I made a calculation (with the guidance of http://www.physics.princeton.edu/~mcdonald/examples/EP/feinberg_pr_108_878_57.pdf) and I obtained that the fermionic part withouth the ##\gamma^5##, which goes like ## \bar \psi \gamma^\mu \gamma^\nu \psi ##,

transforms as

## [(-1)] [(-1)^\mu (-1)^\nu]##, first square bracket for C and second for P and #(-1)^\mu=1# for #\mu=0# and -1 otherwise

The term with the ##\gamma^5## transforms as

## [(-1)] [(-1) (-1)^\mu (-1)^\nu ]##

and naively, by writing ##G_{\mu\nu}=\partial_\mu G_\nu - \partial_\nu G_\mu## and taking into account the vector properties of ##G_\mu## and that ##C(G)=-1## I assumed that the field strength transforms as

## [(-1)] [(-1)^\mu (-1)^\nu]##

In this way, under CP, the lagrangian goes into

## L \sim i \bar \psi_R \sigma^{\mu\nu}G_{\mu\nu}^a t^a \psi_L + h.c## which implies CP violation, by comparing to the second term of the original lagrangian, since there is a sign difference.

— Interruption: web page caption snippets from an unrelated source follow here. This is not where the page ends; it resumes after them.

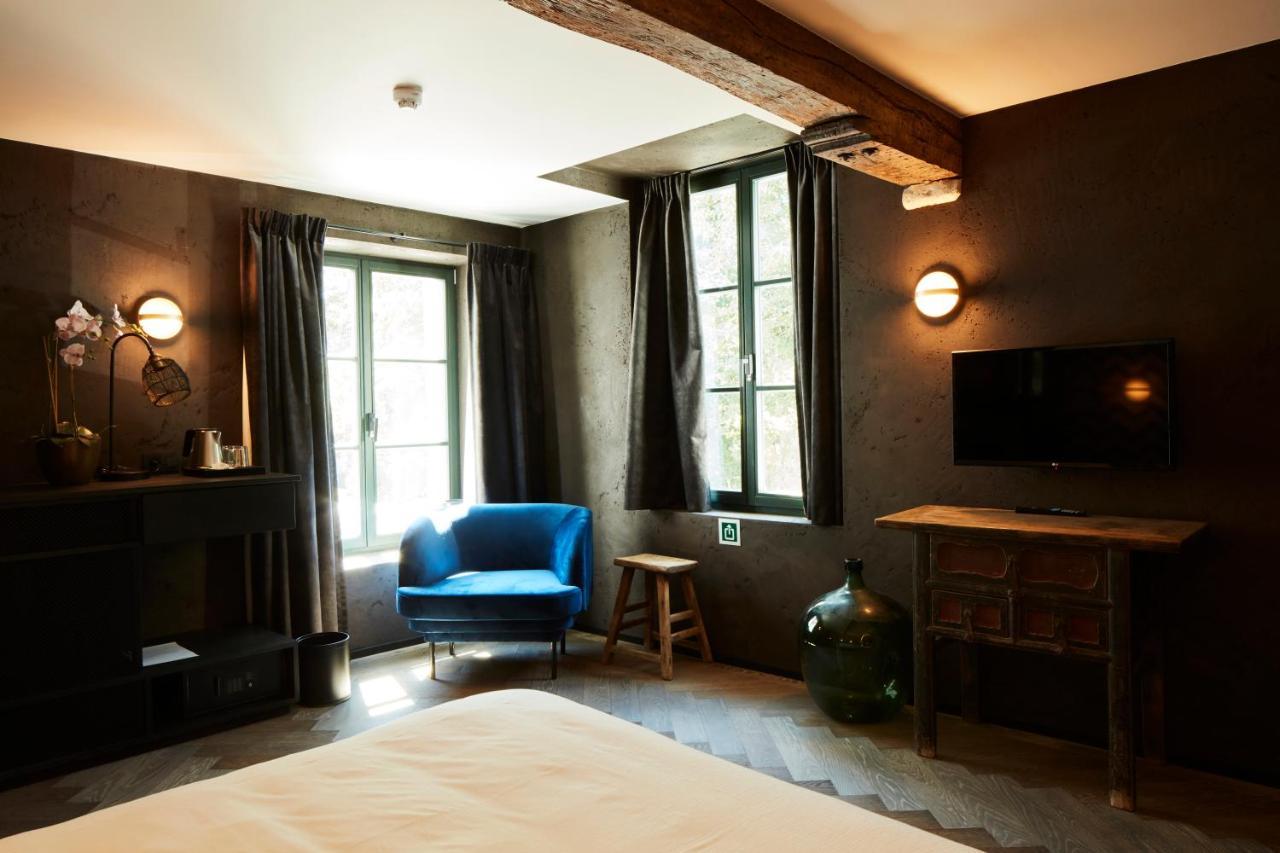 Nonam Boutique Hotel Gent エクステリア 写真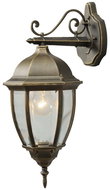De Markt - Outdoor Wall Light - STREET, 1xE27/95W/230V/IP44 - Wall Lamp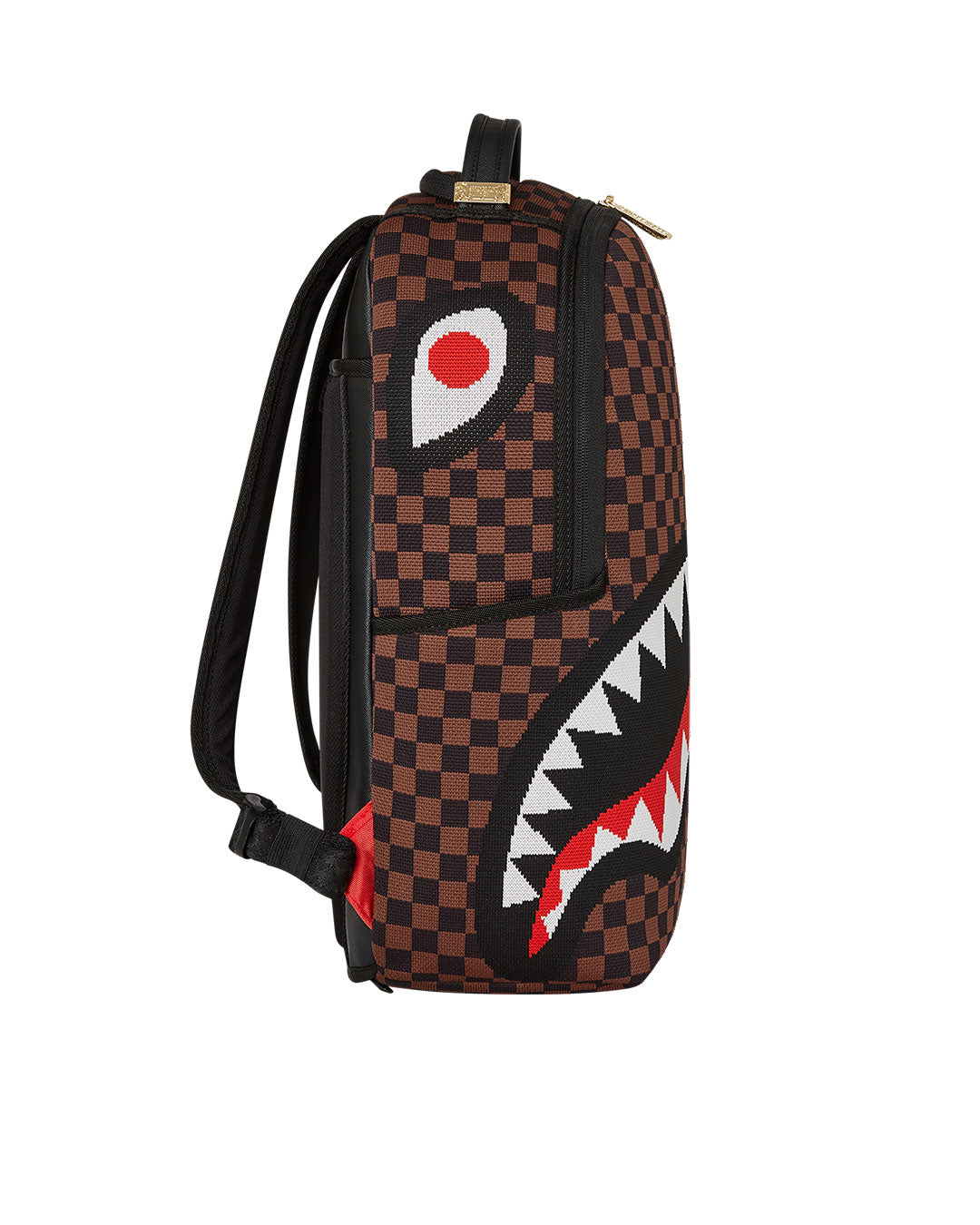 Sprayground kyotoknit sharks in Paris backpack
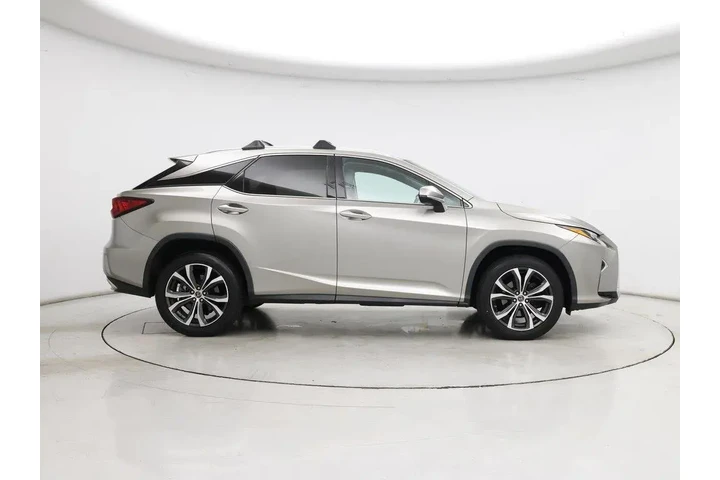 $35998 : Lexus RX 350 2019 AWD 4dr SU image 7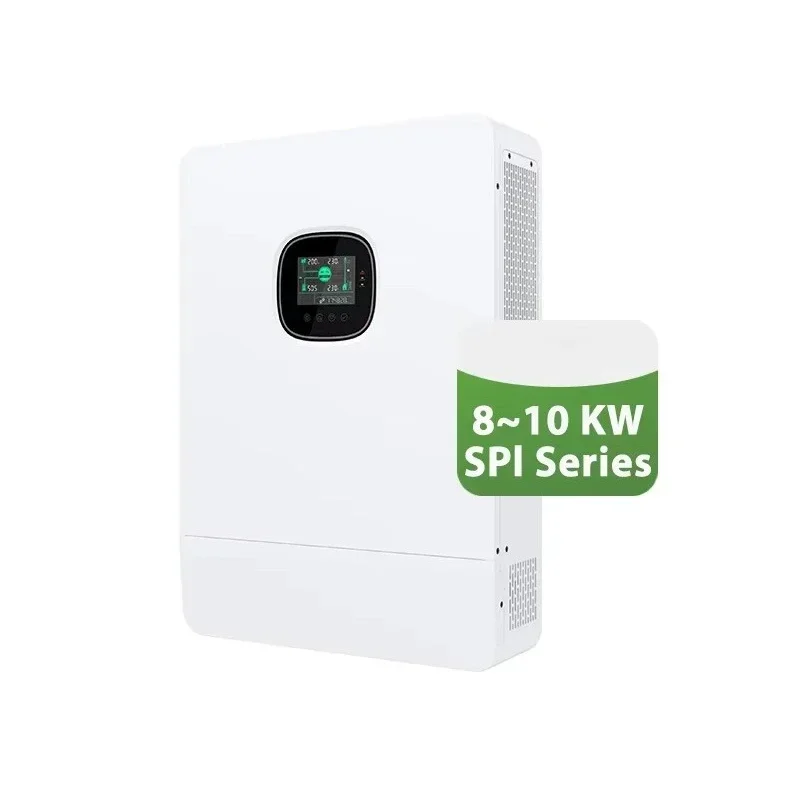 

Sail Solar 12KW High Efficiency Off-Grid Three Phase Inverter for Solar Energy System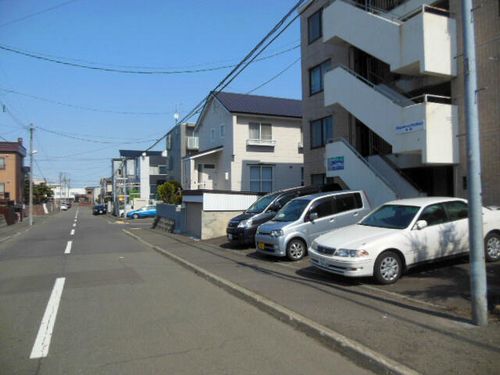 ビッグバーンズマンション清田301のその他画像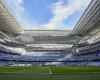 Esp: Real Madrid stadium changes name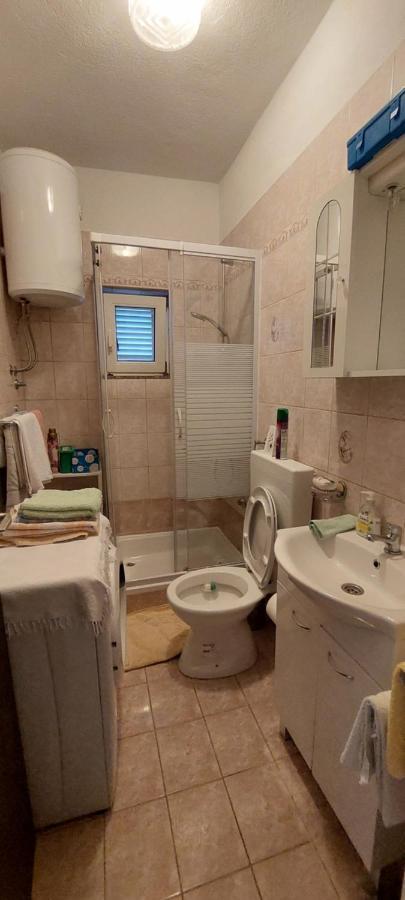 Apartman 3D Veglia Exterior foto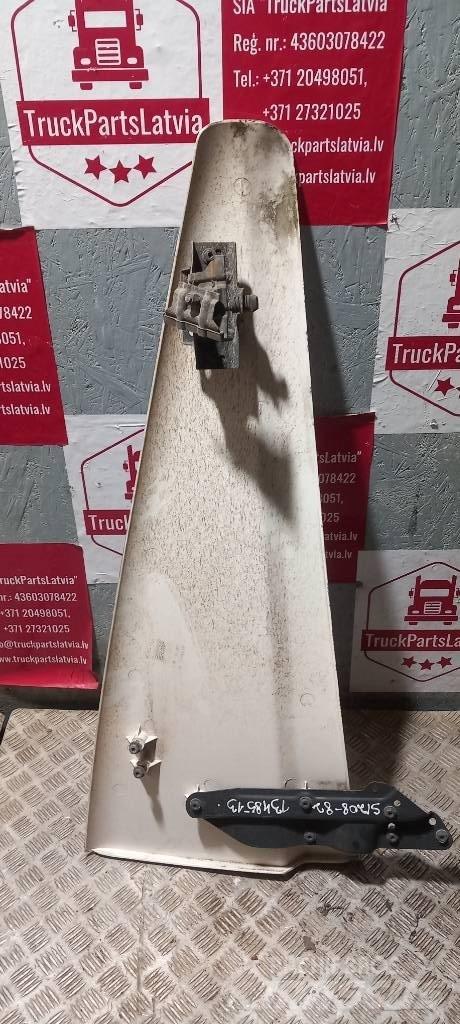 Scania 94 D.   1348513 Cabine en interieur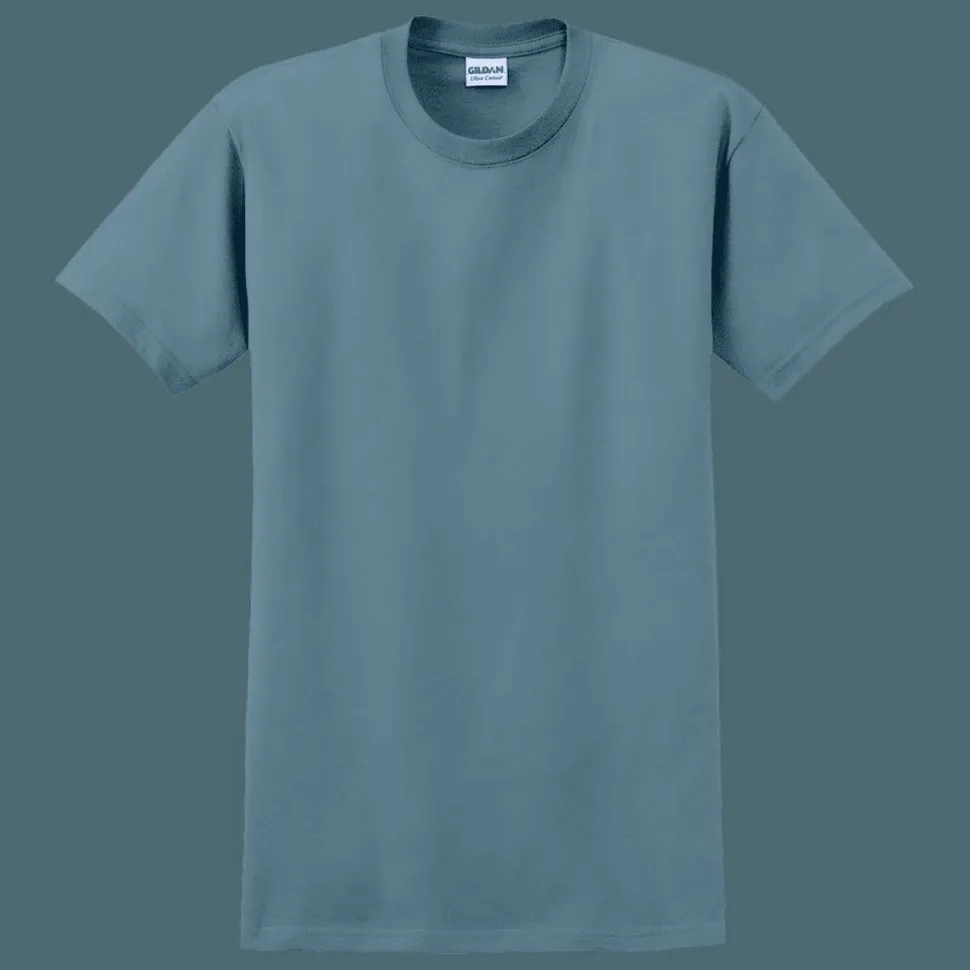 Gildan 2000 - T-Shirt Homme Ultra 100% Coton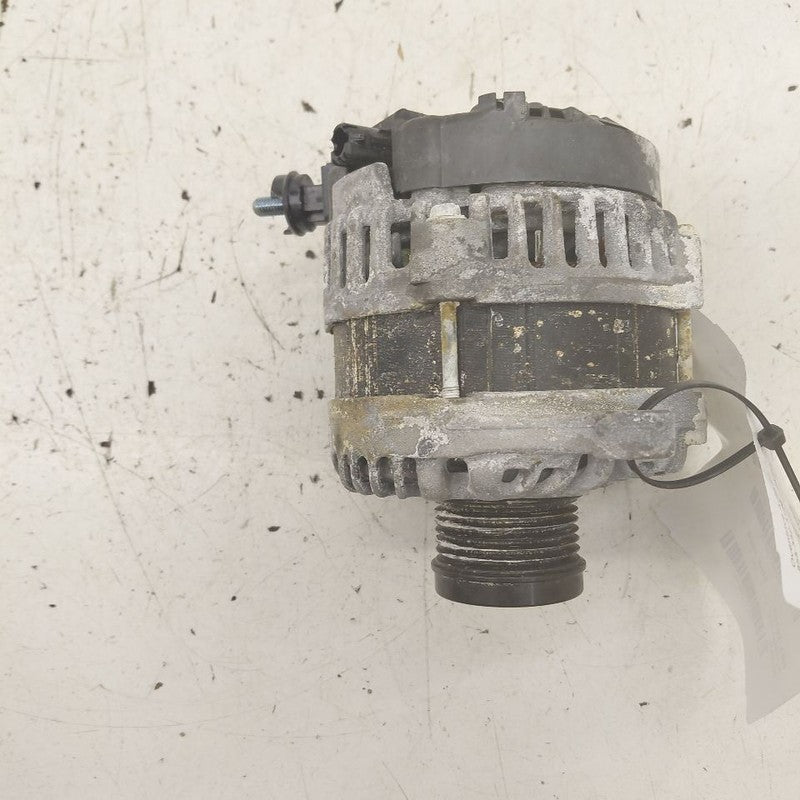Alternator Fits 19-24 Subaru Forester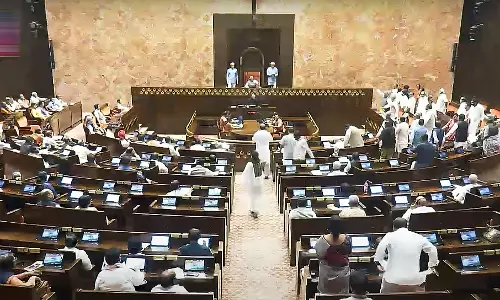 RS to Commence Debate on Op Sindoor Today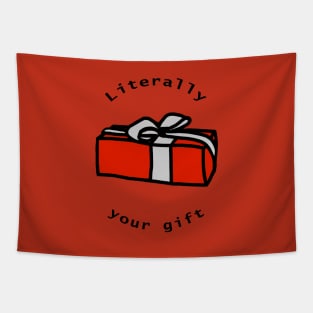 Your Gift Tapestry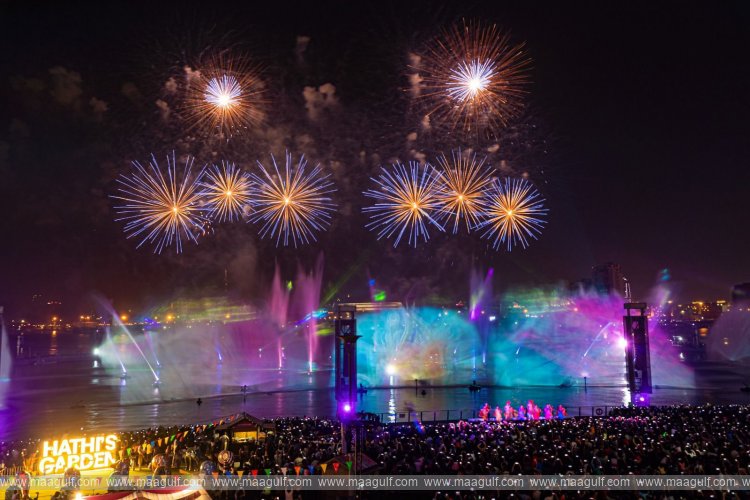 20 Celebrate the Festival of Lights In Dubai With A Dazzling Line-Up Of Exclusive Diwali Experiences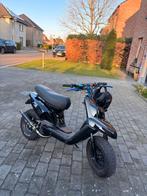 Mbk booster, Fietsen en Brommers, Ophalen, Zo goed als nieuw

In case where there is no ##\gamma^5## CP is preserved.

However I was then thinking a bit more about this and immediately realised that

##G_{\mu\nu}=\partial_\mu G_\nu - \partial_\nu G_\mu + i [G_\mu,G_\nu]##

it seems to me that the derivative terms have the following CP properties

##\mu=0, \nu=i~~ P=-1, C=-1 \to CP=+1##

##\mu=i, \nu=j ~~ P=+1, C=-1 \to CP=-1##

whereas the ##G^2## proportional term seems to go

##\mu=0, \nu=i ~~ P=-1, C=+1 \to CP=-1##

##\mu=i, \nu=j ~~ P=+1, C=+1 \to CP=+1##

where ##C=+1## since I have two fields that have ##C=-1##. This has opposite transformation property of the derivative part. Where I am mistaking?

Thanks a lot!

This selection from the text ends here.